Risk of epilepsy has also been found to be higher in the relatives of probands with earlier age at onset of epilepsy than in the relatives of those with later onset.2,28,56,79,86 Lennox56 reported a gradient of risk in first-degree relatives with proband age at onset. Risks were highest in relatives of probands with onset before 5 years of age, intermediate in relatives of probands with onset between 5 and 19 years of age, and lowest in relatives of probands with older ages at onset. In the Minnesota Clinical Epilepsy Research Program,2 sibling risks were higher for probands with age of onset at 25 years or less than for those with later ages of onset. Eisner et al.28 found the highest risks in first-degree relatives of probands with onset before 4 years of age. Ottman et al. also found a higher risk in the relatives of probands with earlier age at onset.79,86 Moreover, they found that the degree of increased risk diminished with increasing age of the relatives; among relatives who reached age 35 without developing epilepsy, risk was not increased.79
Another important finding is that risks are higher in the remaining relatives of probands with a family history than in the relatives of those without a family history.51,60,81 In one study, the siblings of probands with IGE had a 4% risk of idiopathic or cryptogenic epilepsy overall, but a much higher risk if they also had an affected parent (15%) or another affected sibling (22%) in addition to the proband.81 In the same study, the siblings of probands with cryptogenic localization-related epilepsy had a 2% risk of idiopathic or cryptogenic epilepsy overall, but a 3% risk if a parent was affected and a 10% risk if another sibling was affected.81
It is widely assumed that risk is higher in the relatives of patients with generalized epilepsy than in relatives of those with localization-related epilepsy, but in most studies the difference between these two groups is small.73,74 In analyses of offspring of epilepsy patients in Rochester, Minnesota,77 the higher risk in offspring of parents with generalized seizures was entirely attributable to very high risks in offspring of the subset with absence seizures. Thus, for the majority of patients with generalized seizures, risk in offspring was no higher than in the offspring of patients with partial seizures.

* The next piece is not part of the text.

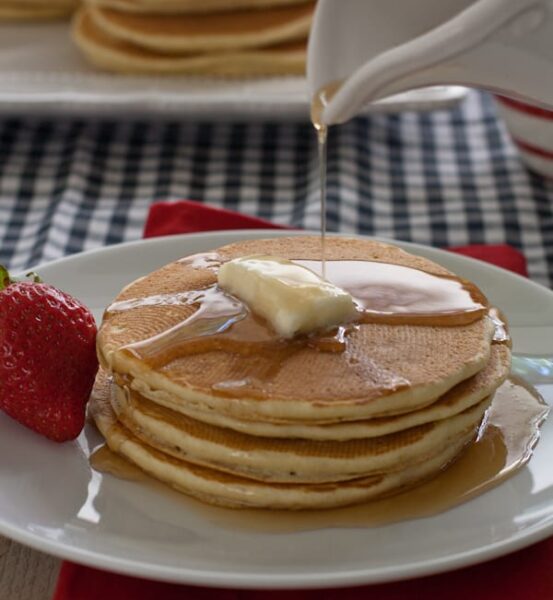 pancakes with syrup pour.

In understanding the relations between genotype and phenotype in the epilepsies, two alternative models can be envisioned.128,130 The first model postulates that different sets of genes influence risk for different epilepsy syndromes (“distinct genetic influences”), and the second, that the same genes influence risk for different epilepsy syndromes (“shared genetic influences”). Familial aggregation studies can be used to distinguish between these possibilities by investigating whether, in the families of probands with specific types of epilepsy, risk is increased only for the same types as in the probands or for all types of epilepsy. If the genetic influences on different types of epilepsy are distinct, then among the relatives of probands with a given type, risk will be increased only for the same type as in the proband. On the other hand, if the genetic influences on different types of epilepsy are shared, risk in the relatives will be increased for all types, including those different from that in the proband. In two studies that used this approach, evidence was obtained for shared genetic influences on generalized and localization-related epilepsy. In the relatives of probands with generalized epilepsy, risk for localization-related epilepsy was significantly increased (fourfold), both in population-based data from Rochester, Minnesota,77 and data from the Epilepsy Family Study of Columbia University.84
However, other studies suggest that clinical characteristics of epilepsy tend to cluster in families. Both Tsuboi119 and Beck-Mannagetta et al.11 found that the distribution of seizure types in affected relatives was skewed toward the same types of seizures as in the probands, although different seizure types were also seen. In a study of 72 families of probands with idiopathic generalized epilepsies, each of which contained more than three affected individuals, multiple idiopathic generalized epilepsies were seen in 75% of families, but there were very few cases of localization-related epilepsy.1 These findings are difficult to interpret because they do not take into account what distribution of syndromes would be expected in the families by chance alone.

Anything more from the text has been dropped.